The first skill is to become comfortable with asking nothing. The second skill is to ask once, for one thing, allow the horse time to process and then leave him alone for you both to experience the result. Do not be attached to maintaining anything.
If your horse walks really slow, or loses rhythm, that is not an issue at all. In fact, it is to be expected because now he or she is responsible for their own balance, they will be wobbly at first, and experiencing the wobbles is the first step towards making changes. If you push through to even up the rhythm, there is a good chance they will just return to old compensation patterns. If your horse stops and refuses to move altogether, then there is a bigger issue, and that issue is not ever going to be resolved by pushing him or her on, or increasing aids. Quite possibly he or she has become completely switched off by all the nagging, and mentally left his or her body. He or she may not even be able to feel your aids through not being present. This horse, more than ever, needs to be taken right back down to nothing, with patience and creativity around finding new ways to motivate him or her and make them feel safe.
Good training can and should always look beautiful, from day 1. The trainer has calm energy and appears to do very little. Of course nobody is perfect and there will be days when it doesn’t work out like this. But, those are mistakes and not the aim of the game.
This slow, focused work can and should be brief, and mixed up with joyful trail riding or fun cantering, and loose rein walking, with no correction at all. The horse needs opportunities to move with complete freedom and no correction.

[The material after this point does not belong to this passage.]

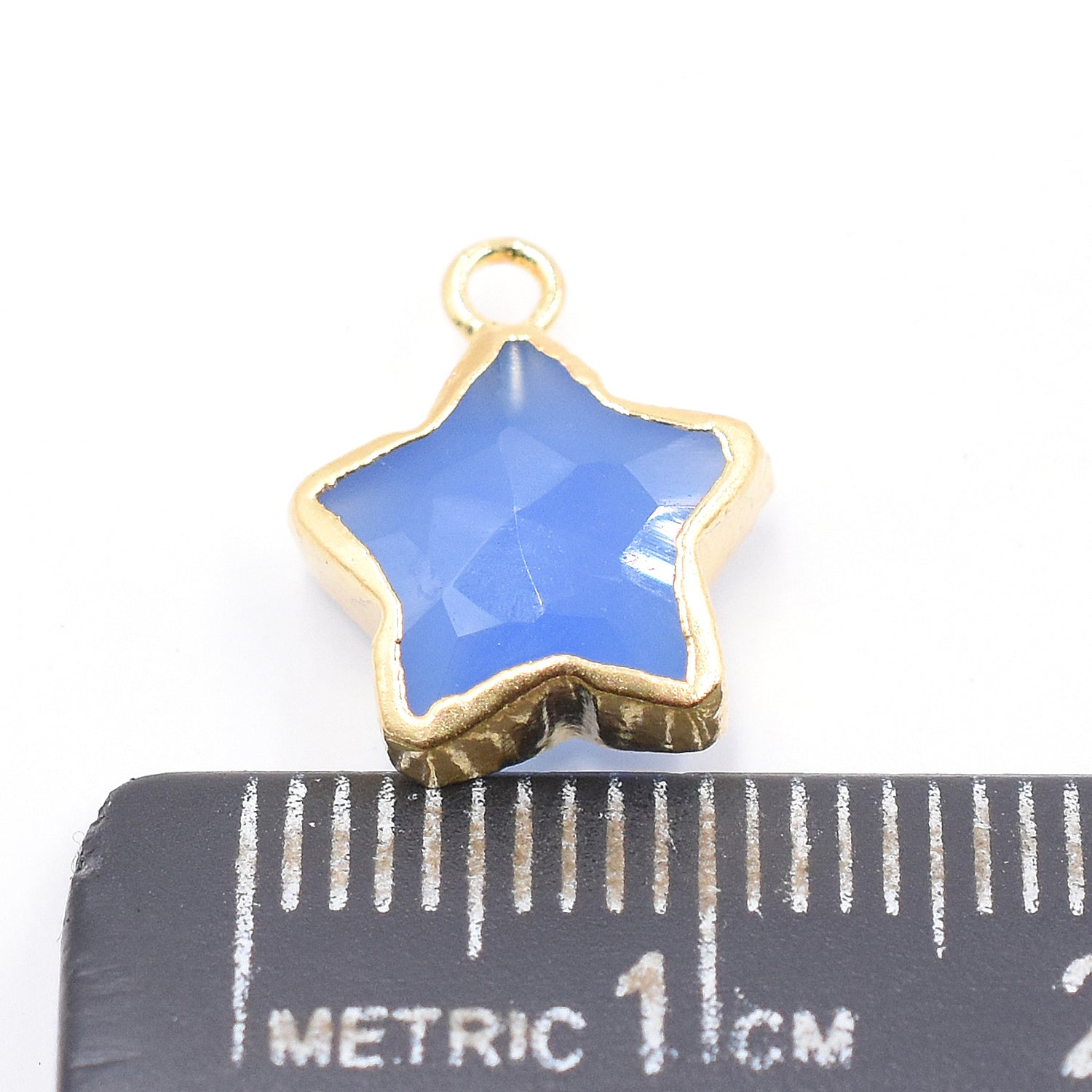 Blue Chalcedony Star Shape 10 To 11 MM Gold Electroplated Pendant (Set Of 2 Pcs)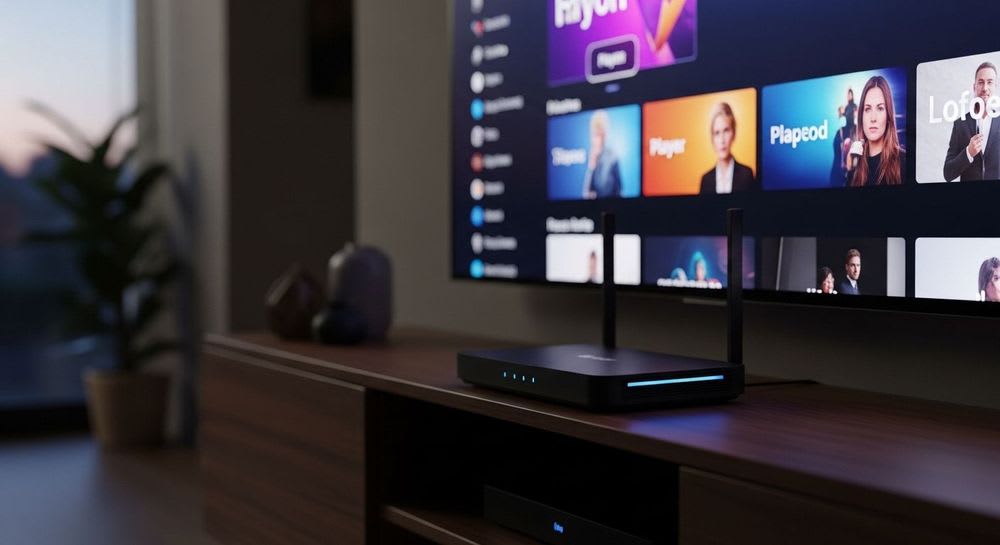 Leistungsstarker WLAN-Router vor einem Fernseher für Top-Empfang, um das Fire TV Stick WLAN nachhaltig zu verbessern.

Video: The very first step – to walk with the horse, breathe, connect, and ask nothing. When the horse hesitates, I wait for her. When I feel her reconnecting we walk. When she becomes distracted, turns her head away and begins to stop, I don’t pull her head back, or push on to maintain rhythm, but slow to match her steps – so I stay with her, then I suggest, with my own steps, that we continue rather than stop. By the end, she realises that walking with me feels safe and you see a subtle increase in her focus as she relaxes her neck forward, straight and down, and steps into rhythm.